Abstracts

Rationale: Frequency and epilepsy characteristics including definition of the epileptogenic zone in patients with autism spectrum disorders (“autism”) in a neuropediatric clinic and pediatric epilepsy center.Methods: Retrospective analysis of all patients older than 4 years (about 7000 patients) treated at our center between 1990-2006. Only those patients were included who at a minimum had a wake- and sleep-EEG and a MRI. Autism was diagnosed by a child epileptologist and child psychiatrist. 40 patients with autism underwent presurgical evaluation including video-EEG-monitoring.Results: 101 patients (age range 4-21 years; mean 9.4 years; 66 male, 41 female) had autism. 85% were severe mental retarded, 8.9 % were not able to walk independently. 85/101 patients (84%) had epilepsy, 2 (2.5%) electrial status epilepticus during slow sleep (ESES) without seizures.

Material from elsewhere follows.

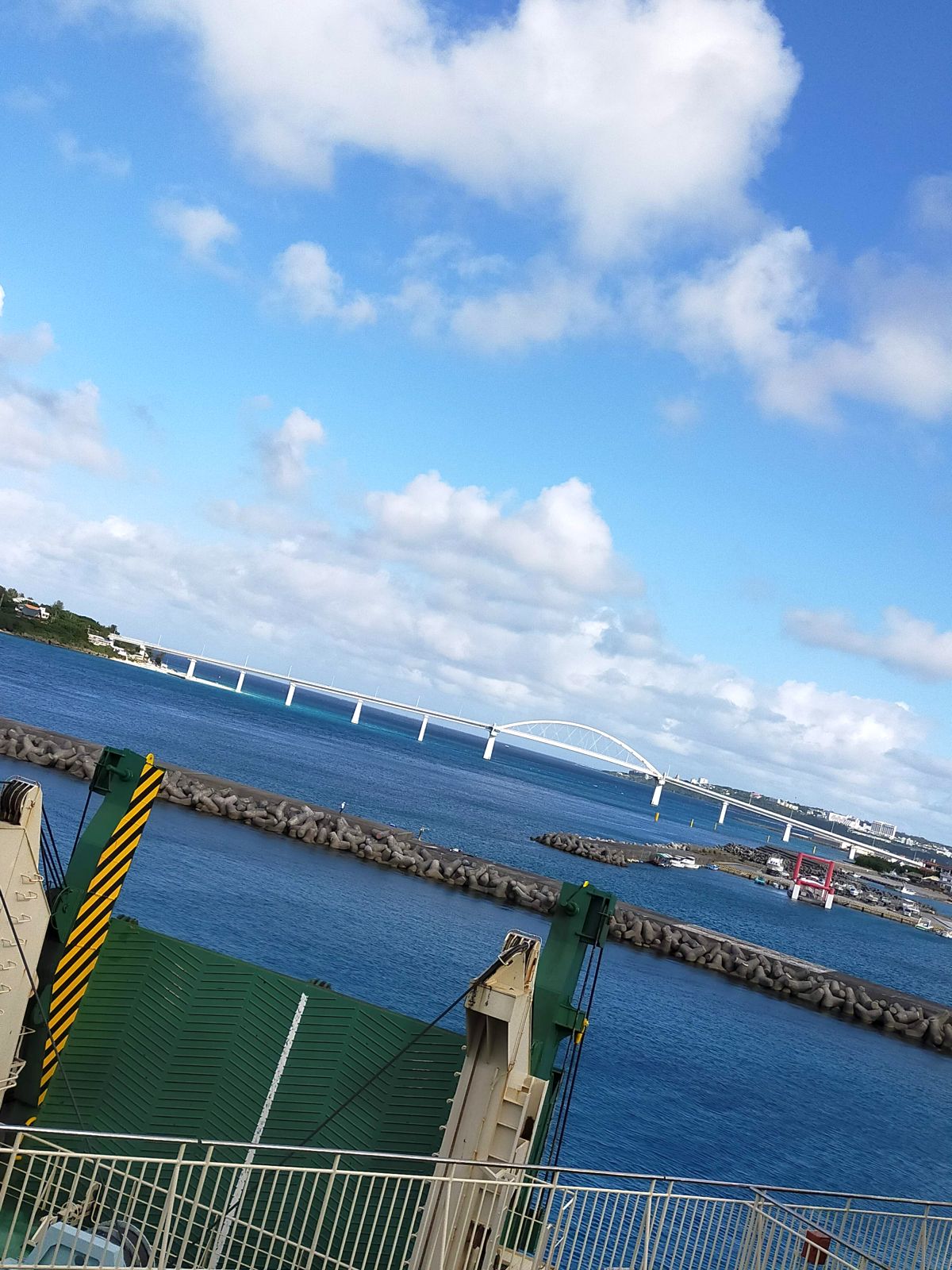 瀬底大橋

Most common etiologies were: focal cortical dysplasia (30%), asphyxia / prematurity (12%) and SCN1A-mutation (6%). In 65% of our patients with autism the manifestation of the first seizure was within the first year of life. Classification of epilepsy: 54% symptomatic focal epilepsy, 17% symptomatic generalized, 4% idiopathic focal, 4% idiopathic generalized, 5% Dravet syndrome. Seizure onset zone: 28% bilateral , 19% hemispheric, 17% temporo(-parieto)-ocipital, 11% temporal, 4% frontal, 2% occipital, 18% not classified. In 28% of the patients the epileptogenic zone was within the right and in 20% within the left hemisphere; in 44% the zone could not be defined or seizure onset was bilateral. Epilepsy surgery was performed in 25 patients with a seizure outcome of Engel I in 44%, II in 17 %, III in 9% and IV in 30%.Conclusions: In this highly selected sample, the majority of patients with autism had a symptomatic epilepsy and a severe mental retardation. Most of them were able to walk independently. In accordance with the literature, most of our patients were also characterised by an early manifestation of epilepsy within the first year of life and an involvement of the temporal lobe in the epileptogenic zone. No other specific risk factors were found. A higher rate of autistic children than usual in our center did not get seizure free by epilepsy surgery. Both the early diagnosis of autistic regression in patients with epilepsy and a detailed work up of epilepsy in patients with autism are necessary and have therapeutic implications.